Поскольку язык — это культурный артефакт, чтобы в нем разобраться, необходимо понимать, что такое культура. Так вот: что такое культура? Культура — что-то вроде футбольной команды? Или вроде оркестра? Или же культура — просто пересечение ценностей, ролей и знаний индивидов, которые вместе живут и вместе говорят? Что еще важнее: как культуры сохраняют свою целостность? Другими словами, в чем смысл девиза E pluribus unum
[177] в плане описания американской культуры? Поскольку я утверждаю, что культура — это абстракция, ее можно обнаружить только у индивидов. Это проявление «гештальта». Культура возникает из составляющих ее индивидов, и как целое она больше простой суммы своих частей. Понимание культуры исключительно важно для понимания эволюции языка.

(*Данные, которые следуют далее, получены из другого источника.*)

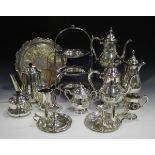 A collection of assorted plated items, including a three-tier cake stand, an oval gallery tray, a
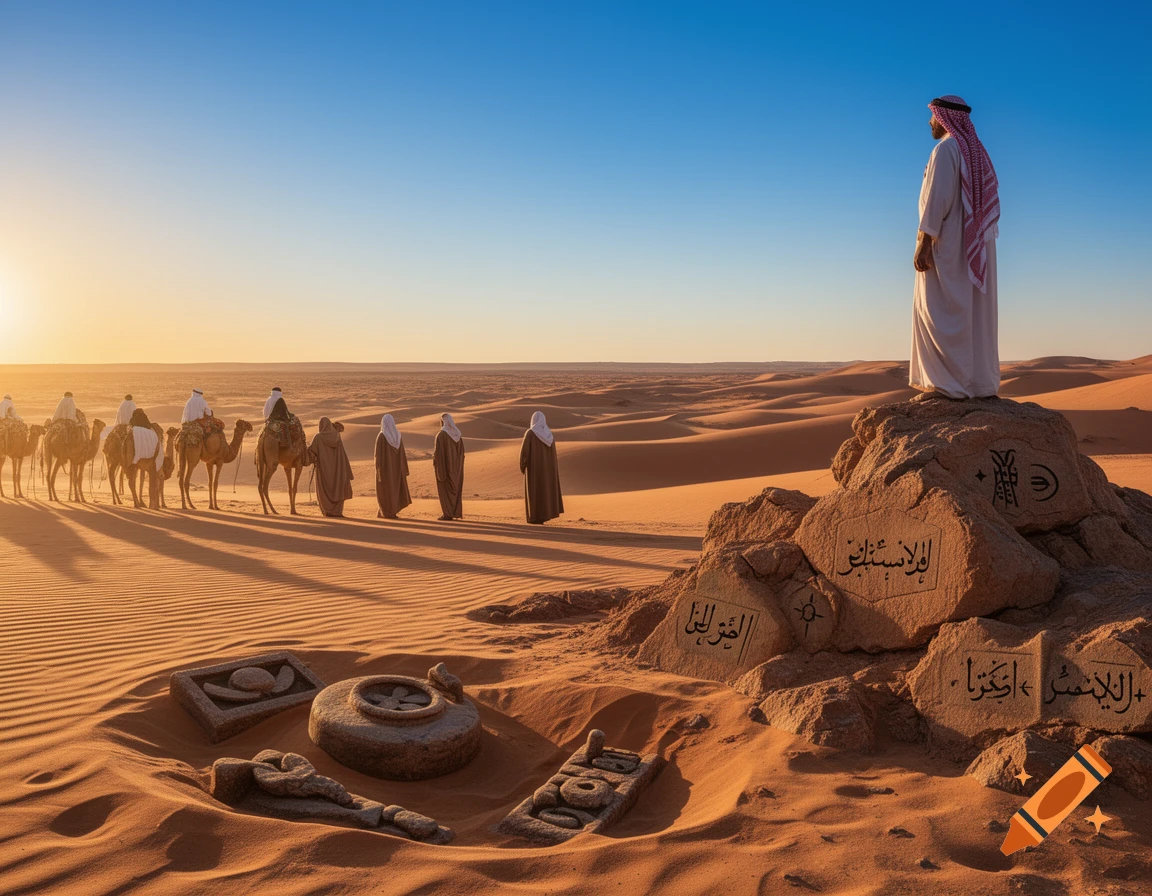 A man in traditional Arab clothing stands on a rock overlooking a vast desert at sunset, with a camel caravan in the background and ancient-looking carved stones in the foreground.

Я разработал собственную теорию культуры, в которой индивид, а не общество в целом, является носителем культуры и хранилищем знаний. Рассмотрим, какое воздействие оказывает культура на национальные и местные сообщества, на индивидов и их языки на таких примерах: роль учителя в классе, организация бизнеса и организация сообщества. В рамках моей работы для эволюции языка наиболее важные идеи — это ценности, знания и социальные роли.
В качестве иллюстрации того, насколько важна культура для языка, обратимся к разговору между двумя лингвистами:
A: «Бесцветные зеленые идеи яростно спят».
B: «Несомненно, так и есть».
Большинству людей будет совершенно непонятно, о чем говорит А. Но, если А и B являются членами лингвистической культуры, то им известно, что это известный пример из ранних работ Хомского, разработанный для того, чтобы продемонстрировать, что предложение может быть грамматически верным и при этом бессмысленным. Предложение А — инсайдерская шутка, фраза В — комичный ответ. Функция этого взаимодействия в основном фатическая — просто способ сказать: «Эй, мы оба — лингвисты». Однако часто упускается из виду важный момент: ответ В показывает, что «Бесцветные зеленые идеи яростно спят» — на самом деле не бессмысленное предложение. Оно говорит нам, что, чем бы ни были зеленые идеи, они на самом деле яростно спят. Другими словами, в результате действия принципа кооперации все люди считают, что у высказывания есть значение, и попытаются ему это значение приписать, независимо от того, из каких именно слов оно составлено.